* **INPUT**
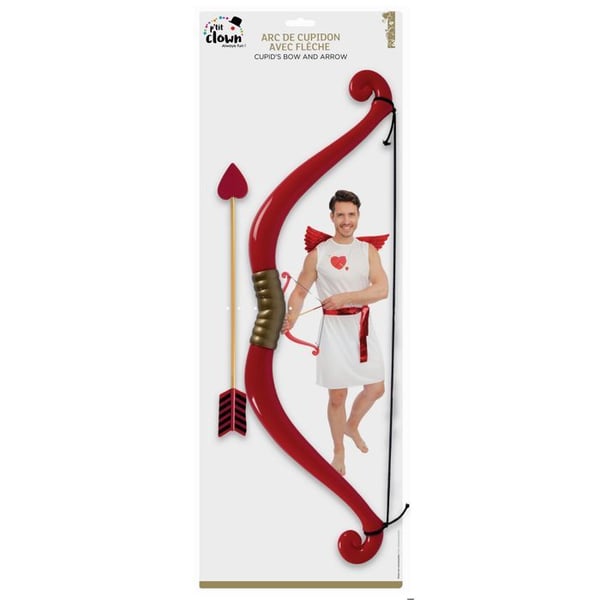 Cupidons båge - LITEN CLOWN - 55cm - Röd - Kostymaccessoar - Temafest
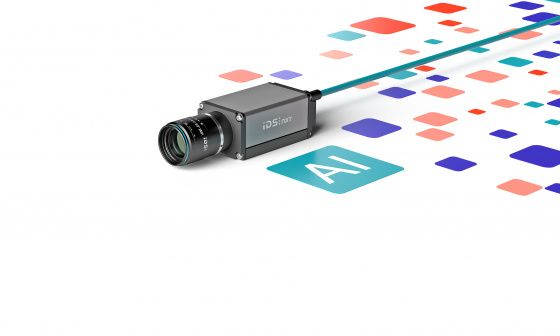 IDS NXT Industriekameras mit integrierter KI-basierter Bildverarbeitung und Vision App OS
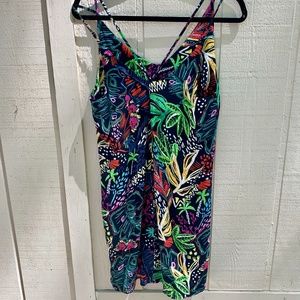 TOPSHOP US Sz 8 Spaghetti Strap Colorful Dress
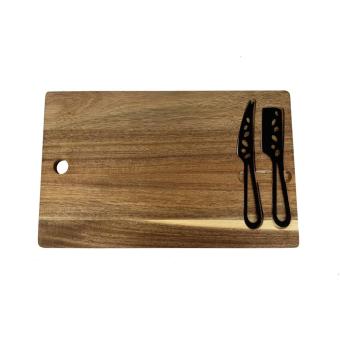 SCX.design K06 cheese board and knives set Timber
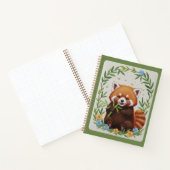 Bamboo Buddy Embroidered Red Panda Journal Notitieboek (Binnen)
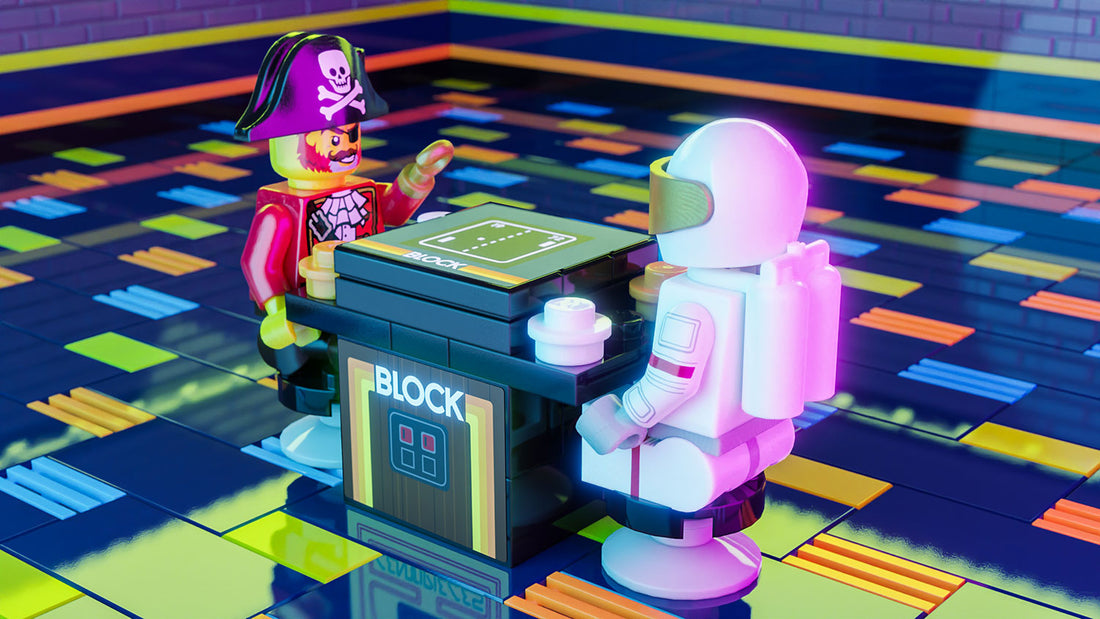 Block 2-Player Classic Arcade made using LEGO parts - B3 Customs 3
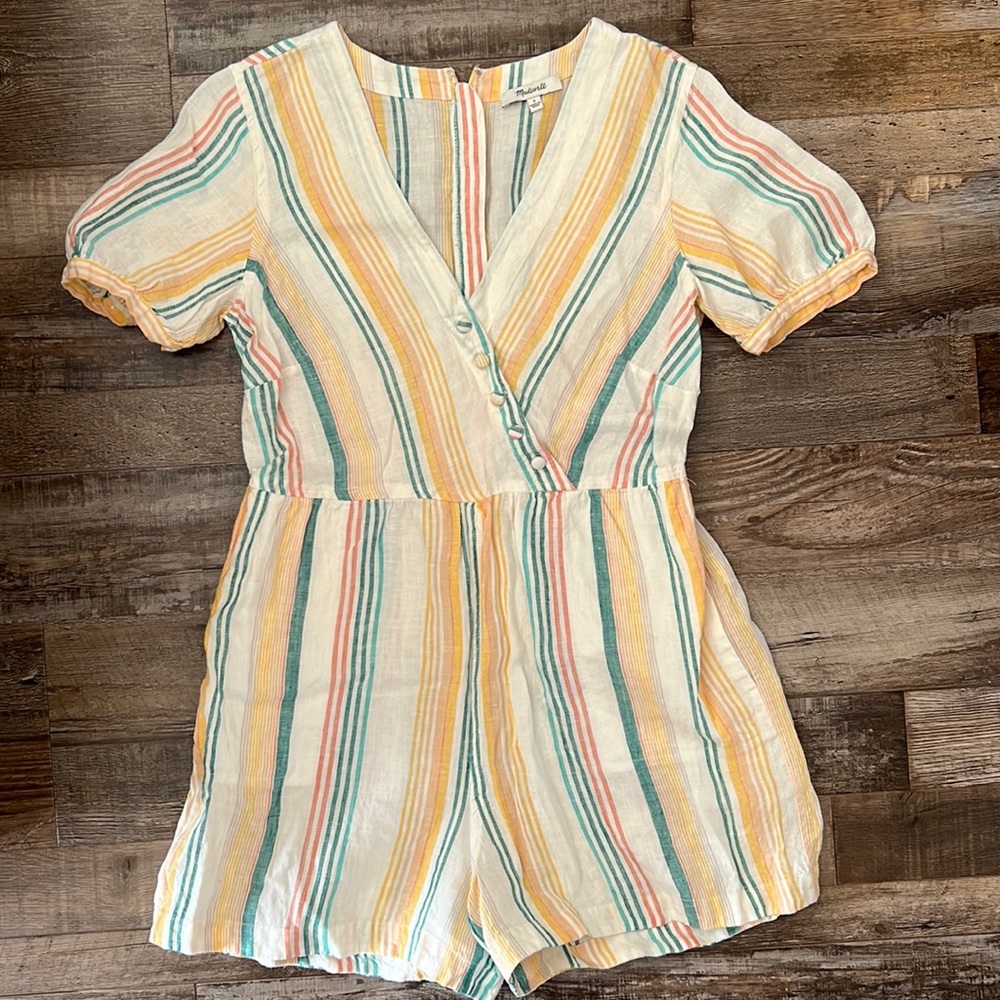 Madewell Linen Romper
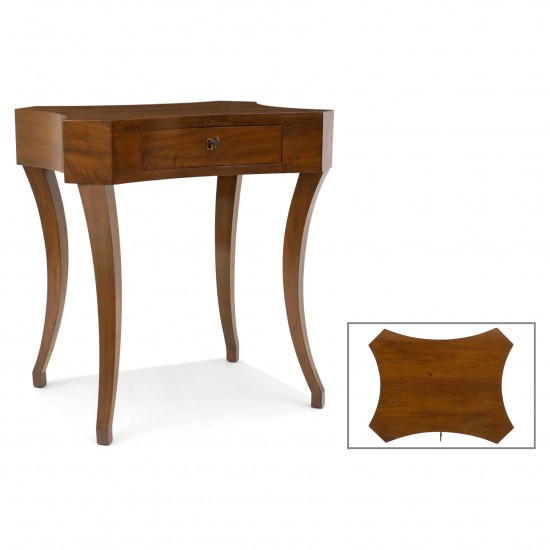 Walnut Venetian Side Table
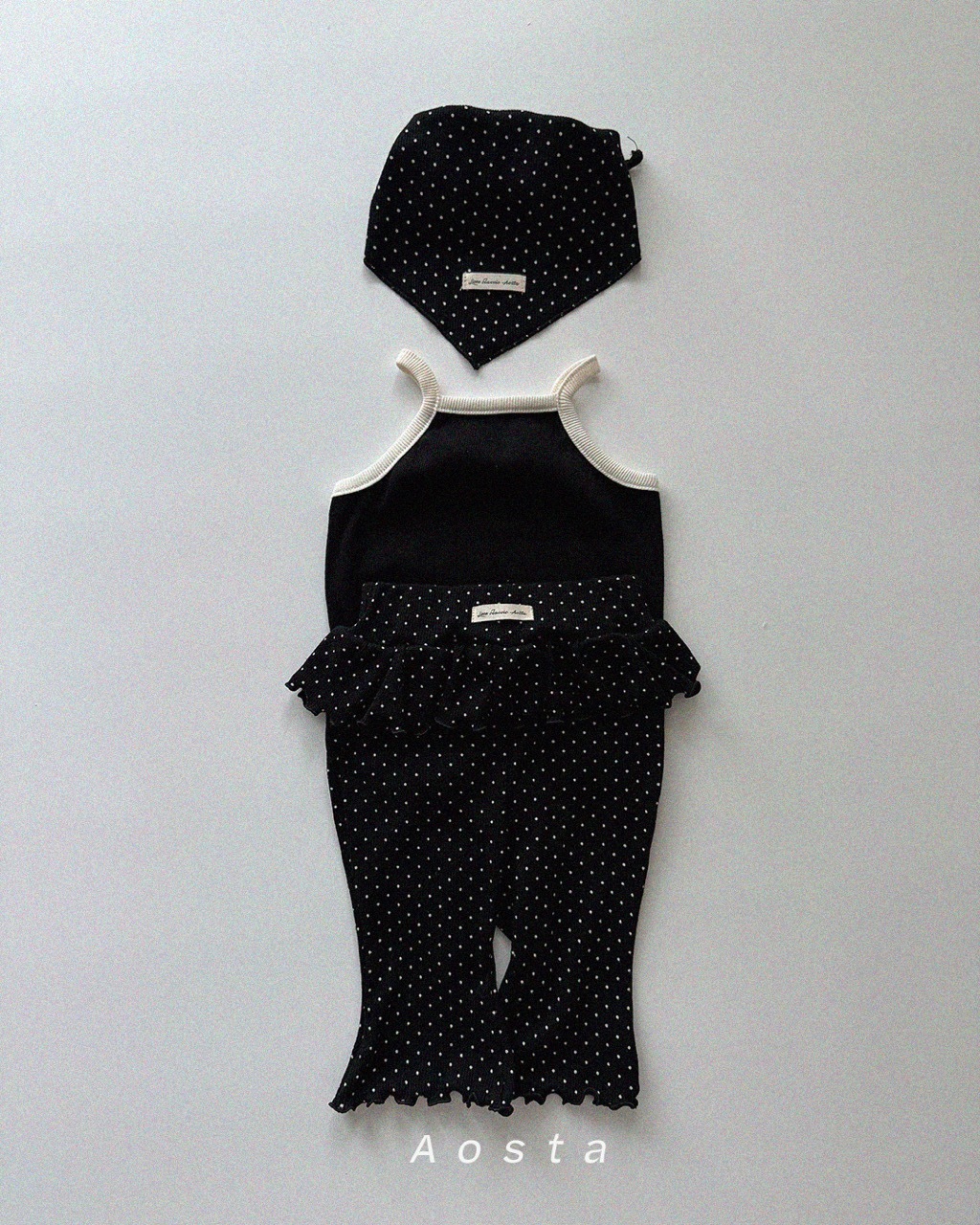 大썸머스카프 검정도트3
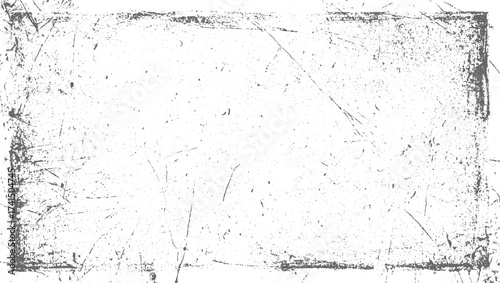 Distressed grunge texture with scratches and speckles vector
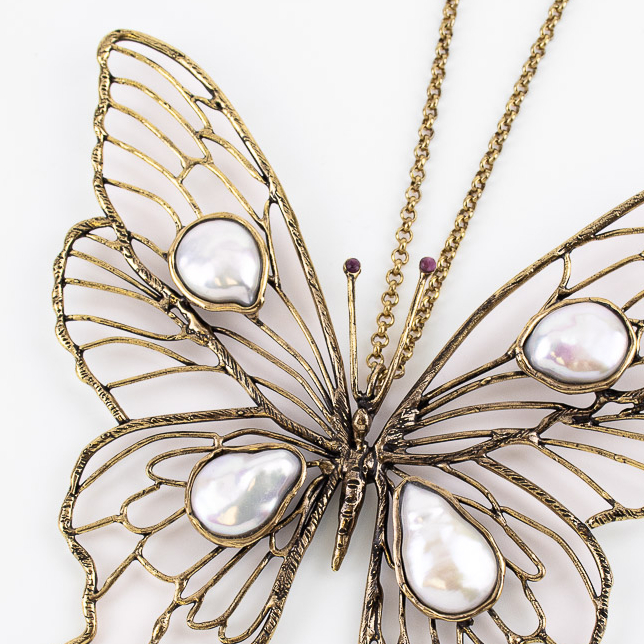 Колье Alcozer & J с жемчугом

* **THE PROBLEM**
The whole of the data needs to be copied word for word, though not its pictures.

* **EXPECTED OUTPUT**
 Cupidons båge - LITEN CLOWN - 55cm - Röd - Kostymaccessoar - Temafest
 IDS NXT Industriekameras mit integrierter KI-basierter Bildverarbeitung und Vision App OS
 TOPSHOP US Sz 8 Spaghetti Strap Colorful Dress
 SCX.design K06 cheese board and knives set Timber
 Bamboo Buddy Embroidered Red Panda Journal Notitieboek (Binnen)
 Block 2-Player Classic Arcade made using LEGO parts - B3 Customs 3
 Madewell Linen Romper
 Walnut Venetian Side Table
 大썸머스카프 검정도트3
 Distressed grunge texture with scratches and speckles vector
 Колье Alcozer & J с жемчугом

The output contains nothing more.